EXERCISE OBJECTIVE:
Which lines below contain "Plush"? Pull them out.

DATA IN THIS EXERCISE:

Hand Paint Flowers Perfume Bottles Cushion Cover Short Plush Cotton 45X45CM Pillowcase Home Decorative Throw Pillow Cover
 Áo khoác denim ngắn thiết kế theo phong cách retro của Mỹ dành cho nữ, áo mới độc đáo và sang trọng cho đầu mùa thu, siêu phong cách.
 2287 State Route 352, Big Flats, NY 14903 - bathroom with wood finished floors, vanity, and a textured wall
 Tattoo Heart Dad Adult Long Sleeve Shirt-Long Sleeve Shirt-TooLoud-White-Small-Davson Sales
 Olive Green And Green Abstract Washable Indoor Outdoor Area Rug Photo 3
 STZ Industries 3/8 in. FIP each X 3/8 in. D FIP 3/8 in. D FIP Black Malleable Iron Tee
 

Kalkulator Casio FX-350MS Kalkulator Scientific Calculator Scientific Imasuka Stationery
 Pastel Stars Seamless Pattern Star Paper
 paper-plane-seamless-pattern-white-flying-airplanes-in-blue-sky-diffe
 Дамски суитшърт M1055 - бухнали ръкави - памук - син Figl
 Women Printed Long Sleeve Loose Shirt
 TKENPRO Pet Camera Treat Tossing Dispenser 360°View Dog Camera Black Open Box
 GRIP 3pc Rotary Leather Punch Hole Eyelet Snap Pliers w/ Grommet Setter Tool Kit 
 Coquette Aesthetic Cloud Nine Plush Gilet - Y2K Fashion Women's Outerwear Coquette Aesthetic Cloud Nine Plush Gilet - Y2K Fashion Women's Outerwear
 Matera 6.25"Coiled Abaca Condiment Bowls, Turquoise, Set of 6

ANSWER TO THIS TASK:
Hand Paint Flowers Perfume Bottles Cushion Cover Short Plush Cotton 45X45CM Pillowcase Home Decorative Throw Pillow Cover
 Coquette Aesthetic Cloud Nine Plush Gilet - Y2K Fashion Women's Outerwear Coquette Aesthetic Cloud Nine Plush Gilet - Y2K Fashion Women's Outerwear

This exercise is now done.